Views on the death penalty by the leading gubermnatorial candidates were published online in unedited form by Oregon Public Broadcasting last week. Here are their statements:
Drazan: “I am personally opposed to the death penalty, but the death penalty was put in place by Oregon voters. I will follow the law by reviewing cases on a case-by-case basis, which is my duty as governor. Rather than setting aside the law, I will act based on the facts and fulfill my duty within the confines of my conscience.”
Johnson: “As governor, I will enforce Oregon’s death penalty in cases where a judge or jury deems it appropriate for a heinous crime. Oregonians have twice voted on and affirmed our death penalty. It’s time for liberal politicians to stop trying to overturn it or subvert it by letting dangerous criminals out of prison.”
Kotek: “Oregon has not followed through on the death penalty in over 25 years, and as Governor, I would continue the current moratorium. I am personally opposed to the death penalty because of my religious beliefs.”
The death penalty in Oregon has had an on-and-off-again history. Oregon voters reinstated a constitutional provision allowing capital punishment in 1984. Since then, there have only been two executions carried out in 1996 and 1997, both under Kitzhaber during his firm term as governor. Following his election to a non-consecutive third term, Kitzhaber imposed the death penalty moratorium. Governor Brown, who succeeded him, has maintained the moratorium.

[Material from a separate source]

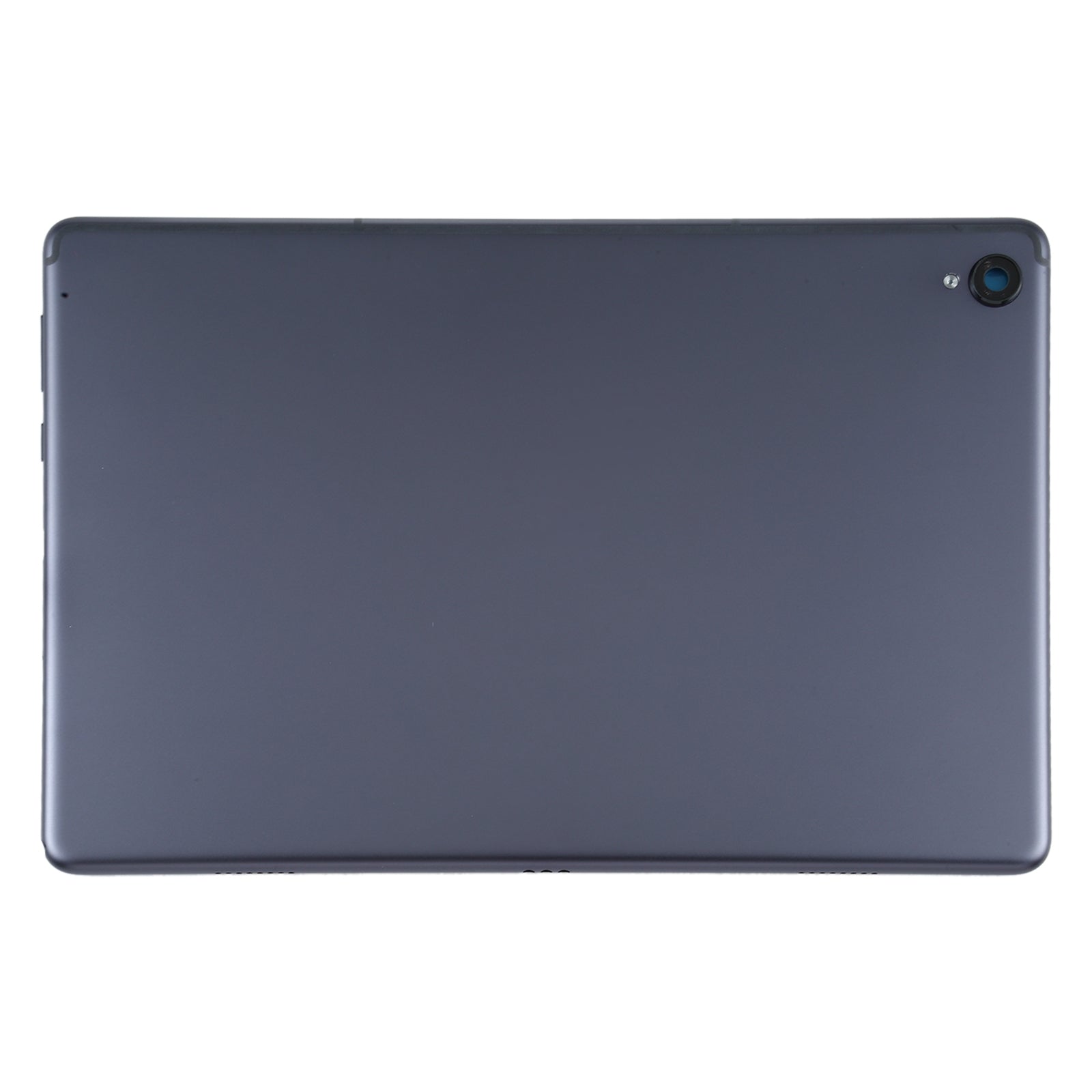 Battery Back Cover for Huawei MediaPad M6 10.8 SCM-W09(Grey)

There have only been two death penalty executions in Oregon since 1984 when Oregonians approved a constitutional amendment allowing them. Both executions were carried out in Governor Kitzhaber’s firm term. When elected to a third term, Kitzhaber imposed a moratorium on executions that remains in effect.
Kitzhaber has been outspoken in opposition to the death penalty, citing his own revulsion and regret over answering a call and allowing an execution to proceed. He was among the advocates for Senate Bill 1013 that passed the 2019 Oregon legislature to narrow offenses qualifying for capital punishment to people convicted of murdering a law-enforcement officer, carrying out a terrorist attack that kills at least two people, murdering a child younger than 14 or killing someone in prison while serving time for a murder conviction.” [Disclosure: CFM represented Oregonians for Alternatives to the Death Penalty in the 2019 legislative session.]

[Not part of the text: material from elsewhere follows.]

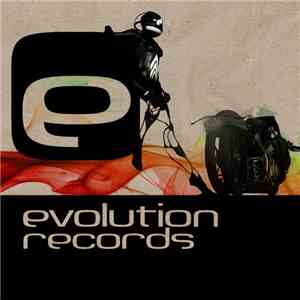 Scott Brown - Livewired / Enlightened (Weaver Remix)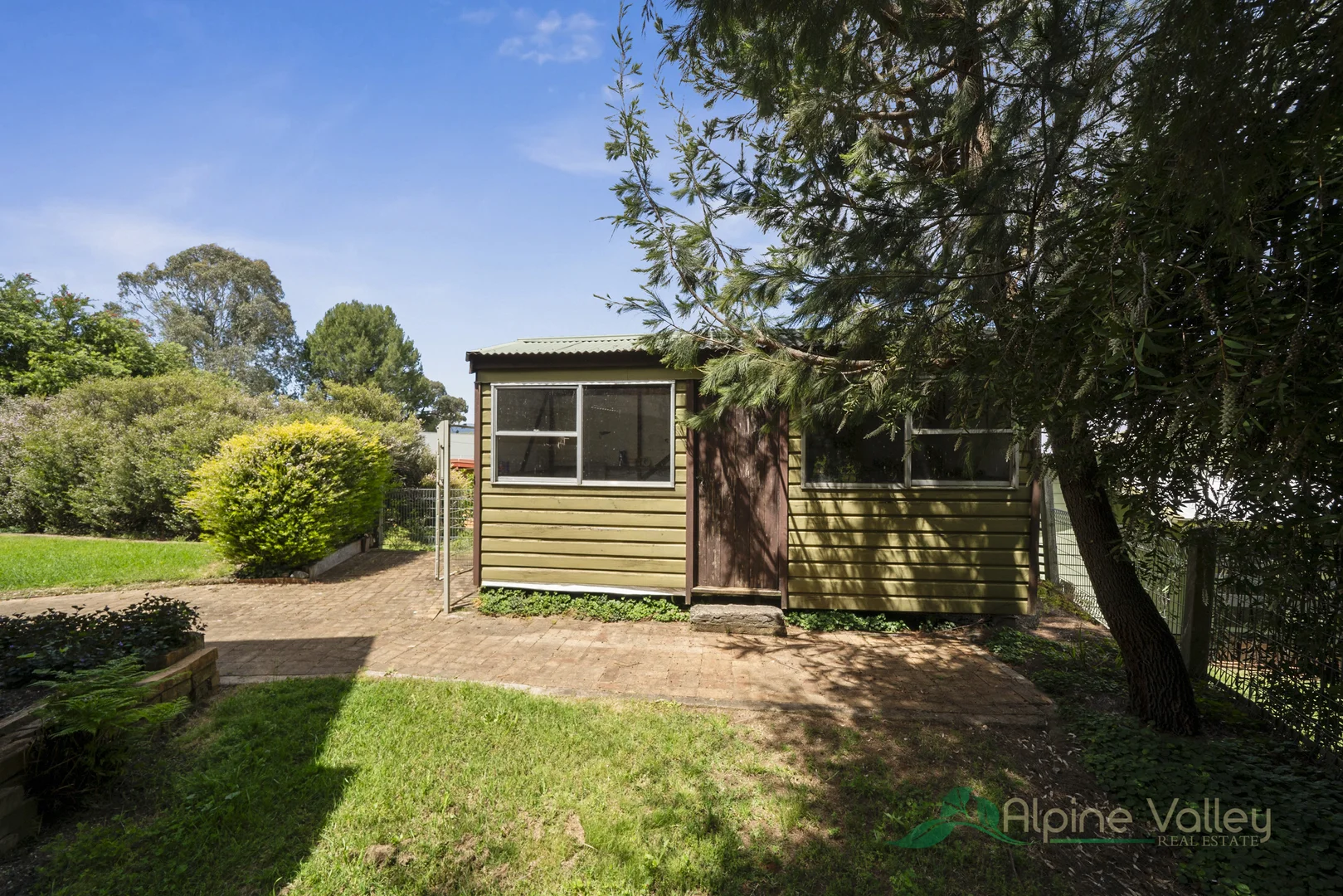 Additional image 13 of 4 Reid Court, Tawonga South VIC 3698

Drazan and Johnson, who both were in the legislature during the 2019 session, voted against Senate Bill 1013. Kotek, as House Speaker, voted for it.

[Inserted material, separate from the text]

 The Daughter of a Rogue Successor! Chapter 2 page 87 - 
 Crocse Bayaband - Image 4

Senate Bill 1013 didn’t make the new capital punishment requirements retroactive. However, the Oregon Supreme Court effectively did by ruling it would be cruel and unusual punishment to apply the death penalty to any prior convictions that don’t meet the new law’s categories. The provision in the Oregon Constitution allowing capital punishment remains in place.
Of the 20 inmates still on death row in Oregon, only two or three may meet the new legal requirements for execution, according to Jeff Ellis, who drafted SB 1013 and is director of the Oregon Capital Resource Center, which assists attorneys representing people sentenced to death. Future executions might be complicated because the Department of Corrections dismantled the death chamber in 2020. The space is now used for prisoner disciplinary purposes.
Voter attitudes about the death penalty have gradually moved toward opposing it, but efforts to ban capital punishment have had mixed success. There is no active effort underway in Oregon to push a ballot measure to remove the death penalty from the state constitution.